The Problem: Euclidean Distance Lies
If I asked you how far apart “courage” and “cowardice” are inside an AI model, you’d probably reach for the obvious tool: Euclidean distance. Subtract the vectors, square the differences, add them up.
The problem? That treats every dimension of the model’s internal space as equally important. And they’re not. Some dimensions have an outsized effect on what the model actually outputs. Others are basically noise. Measuring distance without knowing which dimensions matter is like measuring the gap between two cities on a map where the scale changes depending on which direction you look.
This post walks through the maths behind the causal Gram matrix — the “ruler” at the heart of the Geometry of Trust framework — and shows why it changes everything about how we measure values inside language models.
The Setup: A Tiny Unembedding Matrix
A transformer maps hidden states to output probabilities via its unembedding matrix U. Each row of U corresponds to a vocabulary token. For our worked example, we’ll use a 4×2 matrix where the rows represent value-relevant concepts:
courage = [ 0.9, 0.1]
honesty = [ 0.8, 0.2]
deception = [-0.7, 0.3]
cowardice = [-0.8, -0.1]
Each row is a point in 2D space. The positive values cluster together; the negative values cluster together. So far, intuitive.

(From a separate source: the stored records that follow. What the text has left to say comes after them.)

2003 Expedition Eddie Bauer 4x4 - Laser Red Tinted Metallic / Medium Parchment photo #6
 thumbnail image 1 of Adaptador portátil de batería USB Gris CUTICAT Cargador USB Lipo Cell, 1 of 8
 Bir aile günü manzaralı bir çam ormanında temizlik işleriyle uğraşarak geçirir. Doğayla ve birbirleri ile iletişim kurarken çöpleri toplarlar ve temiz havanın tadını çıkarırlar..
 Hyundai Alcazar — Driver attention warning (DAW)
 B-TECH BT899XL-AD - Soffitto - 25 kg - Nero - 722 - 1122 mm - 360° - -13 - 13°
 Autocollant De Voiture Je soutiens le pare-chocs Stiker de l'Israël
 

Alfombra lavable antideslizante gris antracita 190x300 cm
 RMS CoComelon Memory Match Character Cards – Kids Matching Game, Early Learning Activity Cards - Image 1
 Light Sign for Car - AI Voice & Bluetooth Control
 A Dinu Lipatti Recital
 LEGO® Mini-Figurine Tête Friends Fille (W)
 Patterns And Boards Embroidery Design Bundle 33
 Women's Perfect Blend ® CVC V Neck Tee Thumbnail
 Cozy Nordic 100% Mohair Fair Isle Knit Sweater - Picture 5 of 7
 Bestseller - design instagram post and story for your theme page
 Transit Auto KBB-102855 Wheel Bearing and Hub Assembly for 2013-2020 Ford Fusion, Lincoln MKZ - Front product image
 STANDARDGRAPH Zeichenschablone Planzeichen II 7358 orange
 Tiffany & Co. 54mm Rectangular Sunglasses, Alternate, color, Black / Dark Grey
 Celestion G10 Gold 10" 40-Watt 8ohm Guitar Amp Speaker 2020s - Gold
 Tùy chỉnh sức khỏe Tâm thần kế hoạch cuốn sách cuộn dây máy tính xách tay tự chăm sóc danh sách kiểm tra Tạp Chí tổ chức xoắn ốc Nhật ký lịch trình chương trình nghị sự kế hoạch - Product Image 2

But here’s what matters: U doesn’t encode values. It defines which activation directions matter for output. The values themselves live in the model’s activations — the hidden states flowing through the residual stream during inference. U is the lens.
Computing the Gram Matrix
The Gram matrix is Φ = UᵀU. We transpose U, multiply, and get a square matrix whose size matches the hidden dimension (2×2 in our case).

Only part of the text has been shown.